As visitors learn how their ancestors lived; how they used the street railways, interurban railways, and railroads in the past; and how freight trains contributed to the quality of life of their parents, grandparents and great grandparents, they may also discover the relevance of rail transit and rail transportation today.
Visitors primarily learn by viewing the exhibited cars, locomotives, smaller artifacts, photographs, documents and associated labels to help provide answers to their questions. Shared stories are often a part of this process.
Most museums also provide visitor guides which also help visitors understand the layout and other information about the museum and exhibits.
Docents and Exhibit Hosts Assist Visitors
A Docent is one who teaches, typically as a volunteer at a university or at a museum. Docents guide the museum discovery and learning process, using the exhibited locomotives, streetcars, interurbans, sleeping cars, railway post office cars, passenger cars, freight cars, cabooses and other objects through talks, demonstrations and building tours. At Orange Empire Railway Museum and other local museums, docents are members who have completed a training program and have more advanced knowledge about the Museum's collection and the history, technology and impact of the rail transportation industry in Southern California and the West.

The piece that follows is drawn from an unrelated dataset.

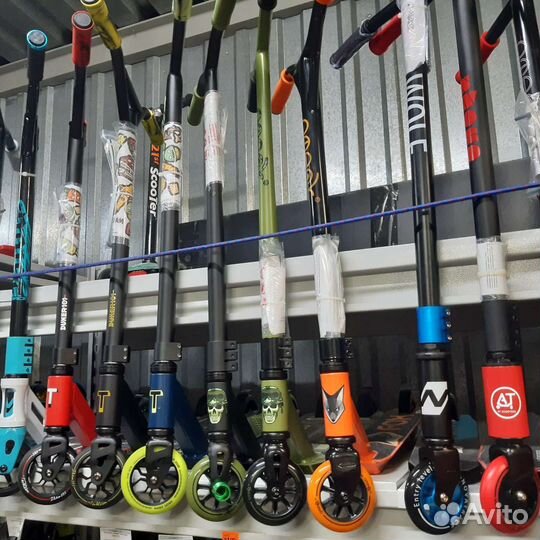 Трюковой самокат с пегой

Exhibit Hosts are museum volunteers who make the collections available to visitors and help visitors understand how to view the exhibits. Exhibit hosts also help answer basic questions and ensure visitor safety. Exhibit hosts should know the safety rules, exhibit policies, layout of the museum and basic introductory information for area they are hosting. At Orange Empire Railway Museum and other local museums, volunteers first serve as exhibit hosts, then participate in a more extensive development program in order to become a Docent.
Uniformed Conductors, Brakemen, Motormen and Engineers also help railway museum visitors learn what past travel by rail was like as they experience a ride aboard operating historic streetcars, interurban cars and trains. At Orange Empire Railway Museum all members who participate in these roles first go through a railway operations training program.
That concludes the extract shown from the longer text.